Steam Deck Versus the Switch

Some have called the Steam Deck a “Switch Killer,” suggesting the console’s massive library of games, open-ended UI, and powerful specs will make it the ideal counterpoint to Nintendo’s massively popular hybrid console. This is unlikely, though. The Nintendo Switch has outsold nearly every game console ever created, currently only falling behind the PS2, Nintendo DS, GameBoy, and PS4. It’s also only halfway through its life cycle and will likely exceed at least the PS4, if not also the GameBoy. 

The Steam Deck lacks a few elements that make the Switch so popular. It’s expensive, it’s not readily available in stores, and it doesn’t have first-party titles like The Legend of Zelda or Mario to drive sales. The Switch has six first-party titles that have sold over 20 million copies, showing how important software is for driving the system’s success. Valves’ system, while technically impressive, isn’t as eye-catching for the average customer as the Switch.

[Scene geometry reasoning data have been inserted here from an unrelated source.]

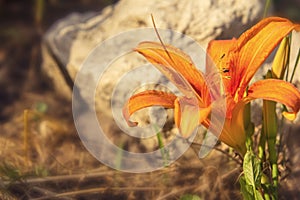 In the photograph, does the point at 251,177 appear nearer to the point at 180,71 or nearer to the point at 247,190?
the point at 247,190

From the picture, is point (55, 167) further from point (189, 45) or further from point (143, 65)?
point (189, 45)

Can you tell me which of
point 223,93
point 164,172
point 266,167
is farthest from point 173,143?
point 223,93

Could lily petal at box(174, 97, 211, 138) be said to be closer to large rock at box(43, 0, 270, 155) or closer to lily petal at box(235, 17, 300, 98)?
lily petal at box(235, 17, 300, 98)

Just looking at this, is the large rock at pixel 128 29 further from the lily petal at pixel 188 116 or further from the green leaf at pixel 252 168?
the lily petal at pixel 188 116

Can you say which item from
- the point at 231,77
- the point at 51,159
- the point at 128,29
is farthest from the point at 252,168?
the point at 128,29

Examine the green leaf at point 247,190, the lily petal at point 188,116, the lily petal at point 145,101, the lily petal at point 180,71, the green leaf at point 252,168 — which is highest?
the lily petal at point 180,71

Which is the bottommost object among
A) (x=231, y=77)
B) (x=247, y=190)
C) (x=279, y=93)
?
(x=247, y=190)

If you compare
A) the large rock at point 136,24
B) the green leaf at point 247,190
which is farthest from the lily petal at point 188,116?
the large rock at point 136,24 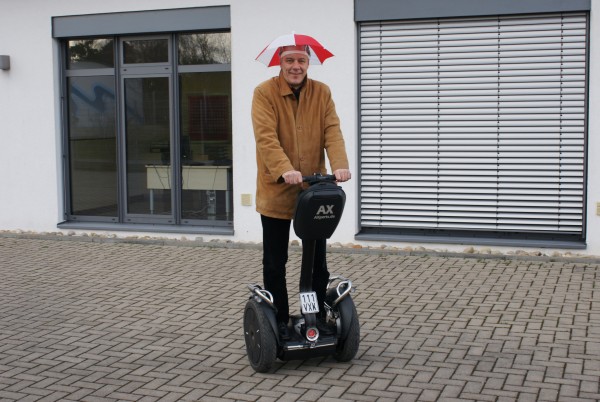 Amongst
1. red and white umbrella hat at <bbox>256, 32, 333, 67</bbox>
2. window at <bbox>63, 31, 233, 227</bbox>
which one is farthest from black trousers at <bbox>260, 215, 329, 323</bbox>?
window at <bbox>63, 31, 233, 227</bbox>

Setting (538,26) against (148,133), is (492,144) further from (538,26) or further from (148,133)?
(148,133)

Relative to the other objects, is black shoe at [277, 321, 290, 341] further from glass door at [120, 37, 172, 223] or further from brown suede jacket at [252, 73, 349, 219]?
glass door at [120, 37, 172, 223]

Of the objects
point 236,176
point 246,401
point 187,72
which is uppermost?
point 187,72

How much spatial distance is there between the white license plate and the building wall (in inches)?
189

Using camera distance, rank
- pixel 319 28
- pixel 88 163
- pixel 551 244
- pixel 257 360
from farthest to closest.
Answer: pixel 88 163
pixel 319 28
pixel 551 244
pixel 257 360

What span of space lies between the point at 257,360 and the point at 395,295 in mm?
2533

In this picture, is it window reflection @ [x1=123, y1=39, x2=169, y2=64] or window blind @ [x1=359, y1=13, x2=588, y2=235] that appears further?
window reflection @ [x1=123, y1=39, x2=169, y2=64]

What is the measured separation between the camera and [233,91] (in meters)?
11.0

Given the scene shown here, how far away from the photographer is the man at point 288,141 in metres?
5.69

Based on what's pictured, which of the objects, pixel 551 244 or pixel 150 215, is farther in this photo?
pixel 150 215

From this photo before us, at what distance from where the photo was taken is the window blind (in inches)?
388

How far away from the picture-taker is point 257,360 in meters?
5.68

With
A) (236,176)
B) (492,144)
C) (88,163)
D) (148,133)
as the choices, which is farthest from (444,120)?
(88,163)

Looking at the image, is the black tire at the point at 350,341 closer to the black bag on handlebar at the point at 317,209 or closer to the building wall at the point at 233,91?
the black bag on handlebar at the point at 317,209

Here’s the thing, though: Valve isn’t competing with Nintendo. Well, in a literal sense, it is. However, Valve doesn’t need the Steam Deck to outsell the Switch in order for it to be considered a success. The two systems are serving different purposes, despite their outward similarities. The Switch is a general-market powerhouse, an affordable hybrid system that can bend itself around your schedule and gaming habits. The Steam Deck is a reconfigured gaming laptop for a core audience of gamers.

Bottom Line

If you’re a PC gamer who won’t mind waiting for a chance to shell out $400 (or more) for an ambitious hybrid console, you’ll love the Steam Deck. It’s the most accessible way to take your Steam Library with you on the go. You won’t have to worry about using a mouse-and-keyboard control scheme for games that are better with controllers or trying to fit a bulky laptop into a bag. Instead, you’ll have a durable, all-purpose gaming console that has all the best parts of a handheld device and a PC.

If you’re more of a home console fan, to begin with, you won’t find much value from the Steam Deck. It’s a system that lends itself to existing Steam users first and foremost, so those gamers who prefer to play Nintendo games and other console-based experiences will likely stick with the Switch. So, is the Steam Deck a Switch killer? No, and it doesn’t have to be.